Unlike Vertical Robot's Red Matter 2, the team didn't opt for native 120 frames per second. Instead, it uses reprojection to interpolate 60 frames per second to 120 hertz.
"Red Matter 2 really pushed the limits of Quest 2," said Senior Producer Wolfgang Graebner. While the PSVR 2 version is also incredibly beautiful, players should keep in mind that it is, at its core, a conversion.
Ndreams, on the other hand, wanted to push the envelope with Synapse on PSVR 2 and at some point had to make a decision for or against reprojection. Since the feedback from testers was positive, the team ultimately decided to go with 120 Hz and reprojection, Graebner told me.
Raytracing in virtual reality
I also didn't really notice on site that the frames were doubled with the technology. The action in the dark dream world seemed pleasantly direct and fluid, especially since the glowing neon accents against a black and white background harmonized well with the PSVR 2's HDR display.
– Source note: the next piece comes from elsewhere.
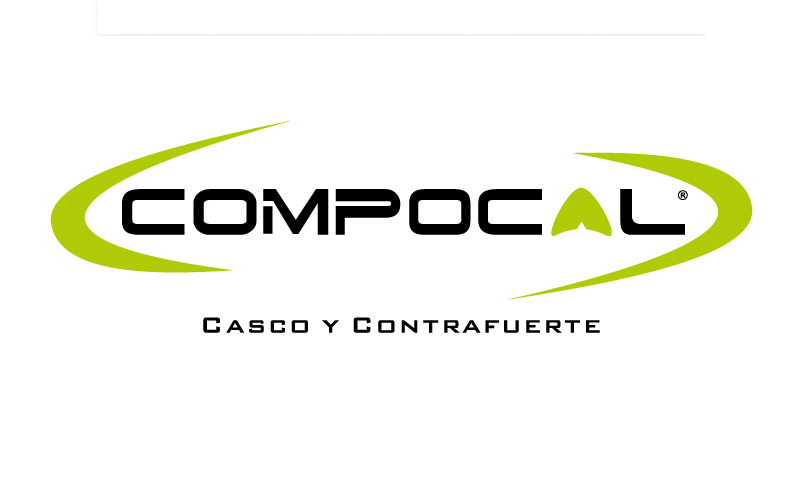 Patrocinador 53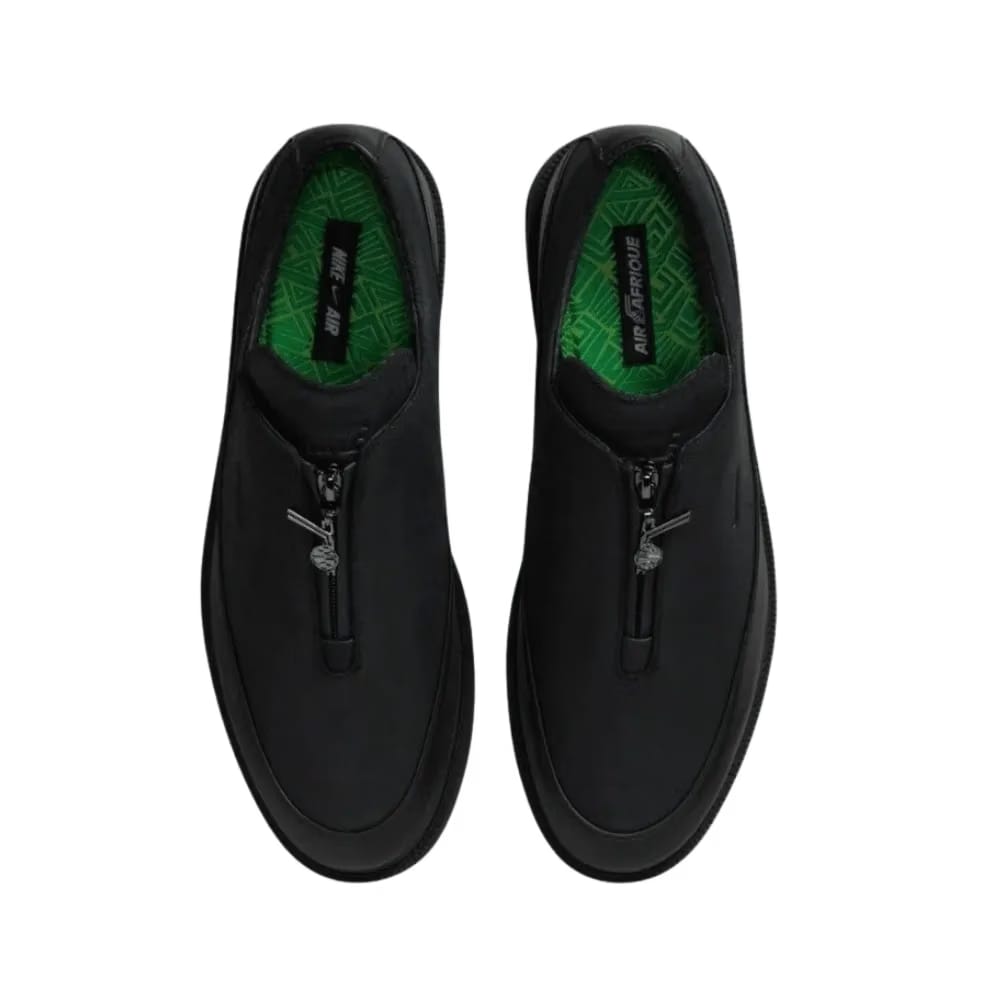 Nike Air Afrique x Air Max RK61 'Black'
According to Graebner, the art design and Dynamic Foveated Rendering contributed to the sharp look. The latter calculates the background only in the currently targeted area in full detail, which saves a lot of computing power. Ray tracing is also used with the help of Nvidia's RTX Global Illumination, explains lead programmer Attilio Provenzano. However, this is limited to certain areas of the image, such as glowing cracks in the cave ceiling.
As an acoustic connection to the outside world, players have "The Handler" at their disposal. She repeatedly reports in via a kind of thought voice chat. Her voice actress Jennifer Hale also voiced Naomi Hunter in Metal Gear Solid and Rosalind Lutece in Bioshock Infinite. Colonel Peter Conrad is voiced by David Hayter (Solid Snake in Metal Gear Solid, General Nikolai Zhurov in Phantom: Covert Ops).
I've already had a lot of fun with the fluid combat of Synapse. I was particularly surprised at how quickly I learned to use the eye control to aim at objects. After only a few minutes, the mechanics no longer seemed foreign to me.
My only concern is that the Roguelite principle might not hold my interest as long as the classic story shooter Fracked with its cool James Bond staging. On average, test play took about eight hours for the first successful run-through and about twelve hours for the complete game. Synapse will be released on July 7, 2023 for Playstation VR 2.